If your initial guess is close enough to the actual square root, one iteration gets you quite close to the actual square root. You can also repeat it a few times.

```
(defn times [data]
(let [count (-> data peek)
instructions (-> data pop peek)]
(loop [data (-> data pop pop)
count count]
(if (pos? count)
(recur (reduce apply-to-stack data instructions) (dec count))
data))))
(reduce apply-to-stack [21 5] [[[dup] dip dup [divide] dip add 2 divide] 3 times])
```

Probably my favorite mental math algorithm is John Conway’s Doomsday rule. It’s non-trivial, but powerful. We’ll need several more instructions. Before defining them, I’ll define another helper function to construct operations: `arity+`

. It’s just like `arity`

, except instead of pushing a single value onto the data stack, it expects a sequence of values, and it pushes each value onto the data stack.

```
(defn arity+ [n f data]
(vec (concat (drop-last n data)
(apply f (take-last n data)))))
(def floor #(arity 1 js/Math.floor %))
(def remainder #(arity 2 mod %))
(defn swap [data]
(arity+ 2 #(vector %2 %1) data))
(defn day-of-week [data]
(arity 1 #(get '[Sunday Monday Tuesday Wednesday Thursday Friday Saturday] %) data))
(defn century-and-year [data]
(arity+ 1
(fn [year]
(let [century (js/Math.floor (/ year 100))]
[century (- year (* 100 century))]))
data))
(defn divmod [data]
(arity+ 2
(fn [dividend divisor]
(let [quotient (js/Math.floor (/ dividend divisor))]
[quotient (- dividend (* divisor quotient))]))
data))
(defn doomsday [data]
(arity 2
(fn [month leap-year?]
(cond
(and (= 1 month) leap-year?) 4
(= 1 month) 3
(and (= 2 month) leap-year?) 1
(= 2 month) 0
(= 3 month) 0
(= 4 month) 4
(= 5 month) 9
(= 6 month) 6
(= 7 month) 11
(= 8 month) 8
(= 9 month) 5
(= 10 month) 10
(= 11 month) 7
(= 12 month) 12))
data))
(defn leap-year? [data]
(arity 1
(fn [year]
(or (zero? (mod year 400))
(and (zero? (mod year 4))
(not (zero? (mod year 100))))))
data))
```

The algorithm starts with a date, month, and year on the data stack:

```
(def doomsday-rule [dup century-and-year 12 divmod dup 4 divide floor add add
[4 remainder 10 multiply 2 divide 2 add 7 remainder] dip
add 7 remainder
[leap-year? doomsday subtract 7 remainder] dip
add day-of-week])
(reduce apply-to-stack [15 2 1975] doomsday-rule)
```

This algorithm is certainly longer, and `reductions`

shows the step-by-step working memory you’ll need to work it out.
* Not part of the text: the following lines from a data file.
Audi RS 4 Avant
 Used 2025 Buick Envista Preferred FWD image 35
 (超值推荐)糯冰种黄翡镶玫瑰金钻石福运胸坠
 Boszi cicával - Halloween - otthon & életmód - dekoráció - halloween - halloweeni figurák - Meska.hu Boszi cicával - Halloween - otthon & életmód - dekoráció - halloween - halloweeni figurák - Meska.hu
There’s some complexity hidden within individual instructions like `leap-year?`

and `doomsday`

, but with practice these steps quickly become trivial, hardly worse than multiplying by 2, 3, or 5. The second line in the definition can be replaced with some memorization, as it only ever produces four different numbers. The algorithm could be altered to require only one `7 remainder`

instead of three, but splitting it up keeps the numbers in working memory a bit smaller and more manageable.
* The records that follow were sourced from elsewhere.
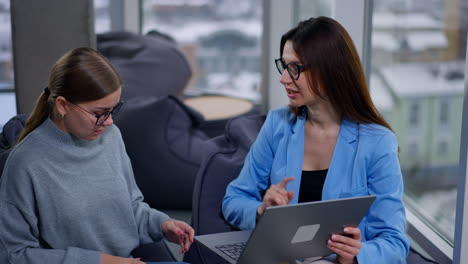 business meeting or training session in a modern office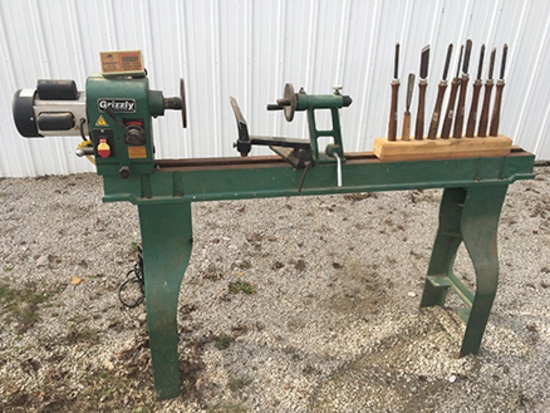 Grizzly G0462 Variable Speed Wood Lathe w/ Set of Turning Knives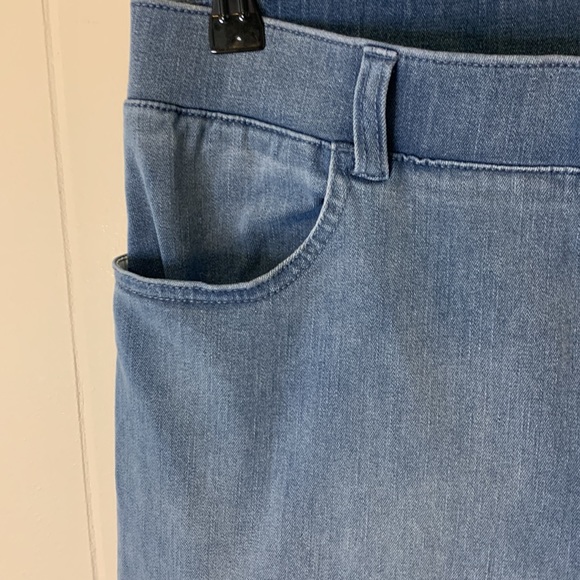 BetaBrand Straight-Leg 4-Pocket Yoga Denim Jeans Size Medium Short Petite - Picture 4 of 9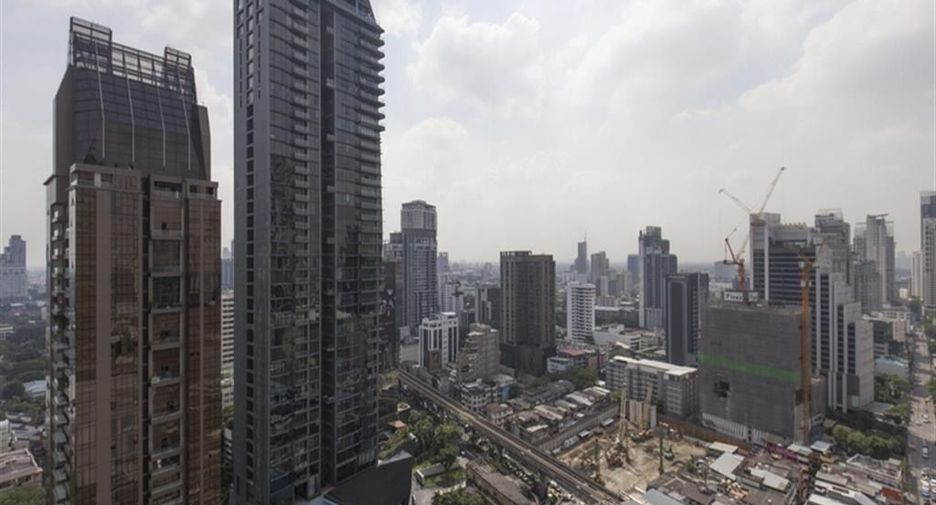 For rent 3 bedrooms condo in Khlong Toei, Bangkok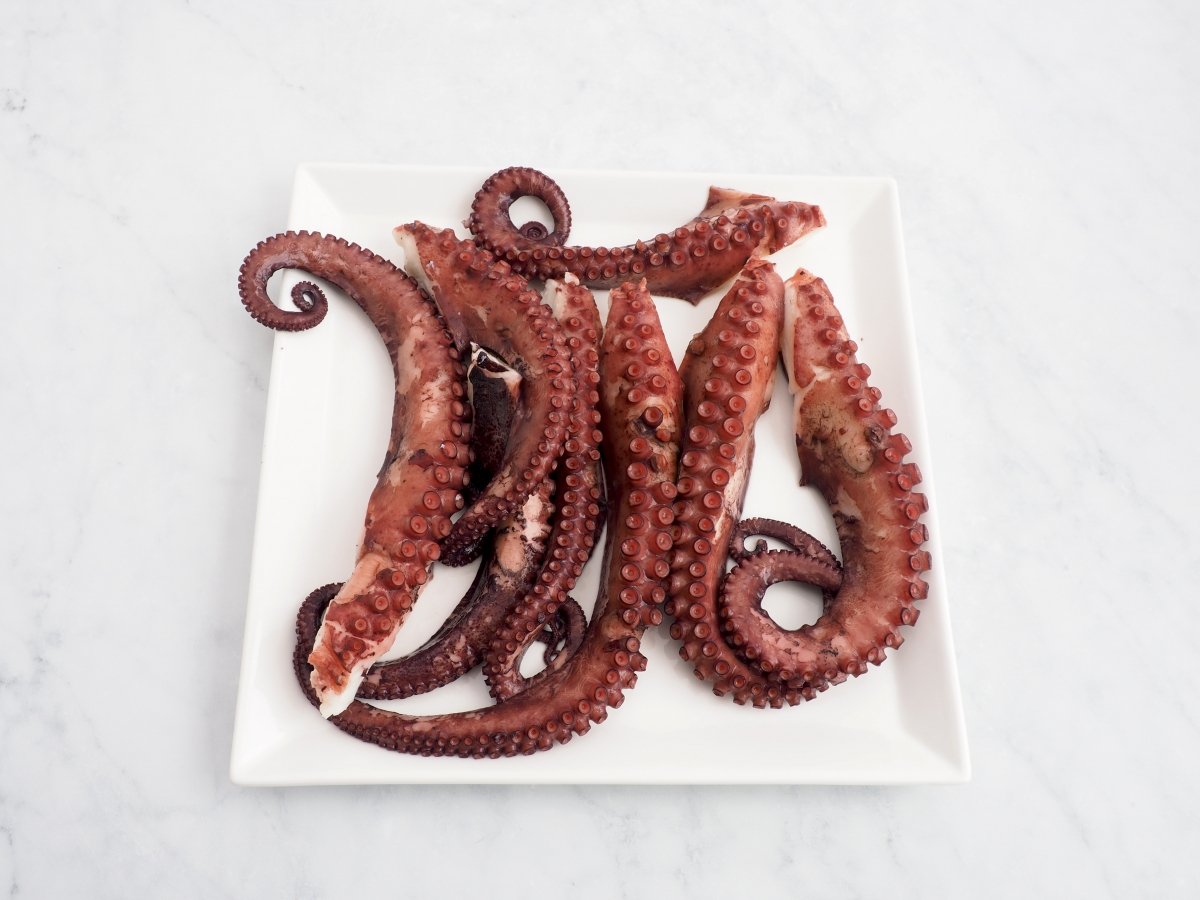Cortar los tentáculos del pulpo cocido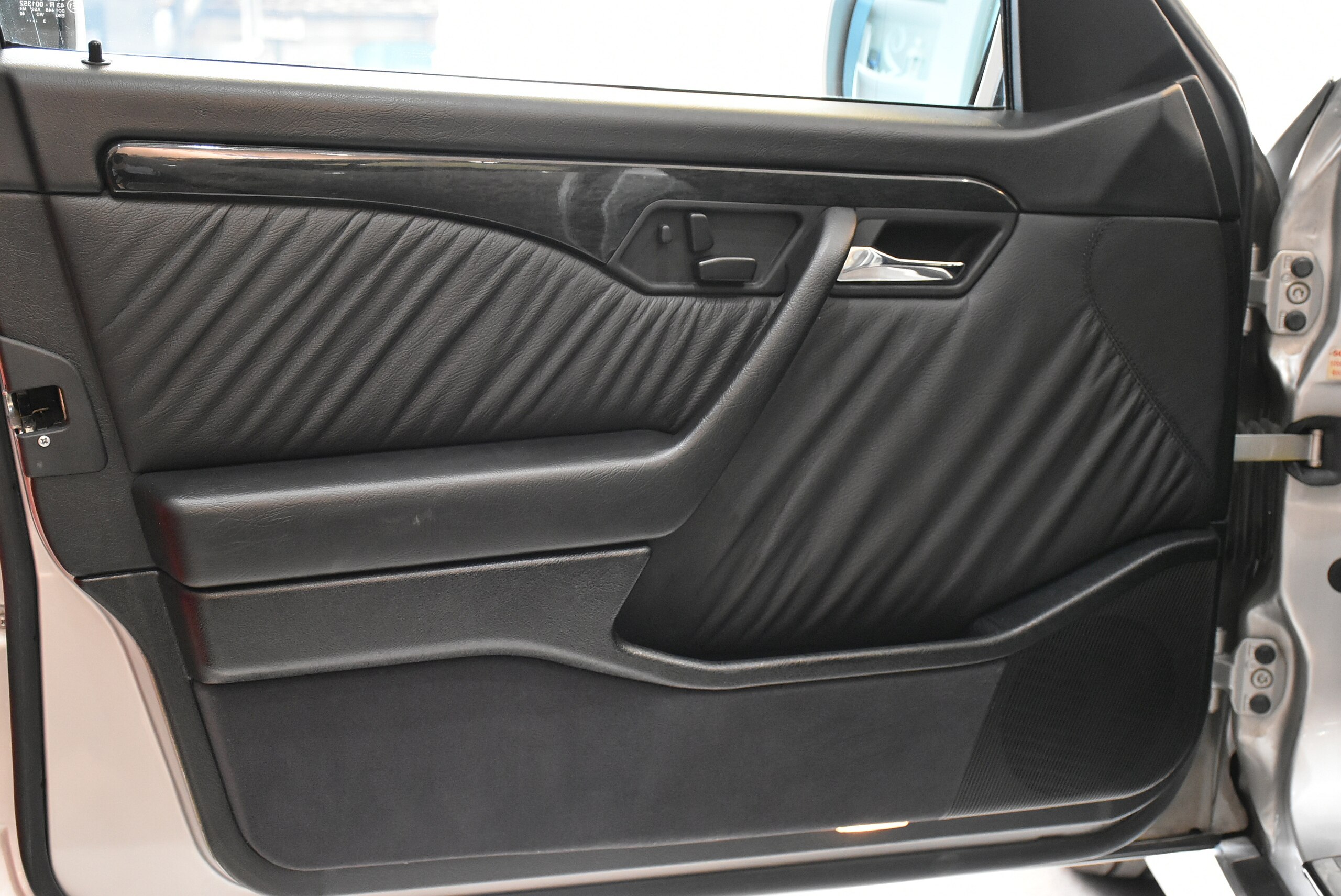 Mercedes Benz C36 AMG (photo: 10)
The Doomsday rule is certainly more work than a multiplicative conversion or even finding square roots, but considering that it can give you the day of the week for any date on the Gregorian calendar, the complexity is worth the result. Stack-based programming isn’t necessarily the most concise or elucidating form for the algorithm, but this form allows us to inspect the algorithm’s impact on working memory.

```
(apply max-key count (reductions apply-to-stack [15 2 1975] doomsday-rule))
```

Eight numbers is a stretch for the average working memory, but hardly impossible. The first three values are the original date, so the burden on working memory is less if you can look at the date as you do the math.

Stack-based programming has been a useful way for me not only to understand mental math, but to improve how I do it. I hope you find it helpful too.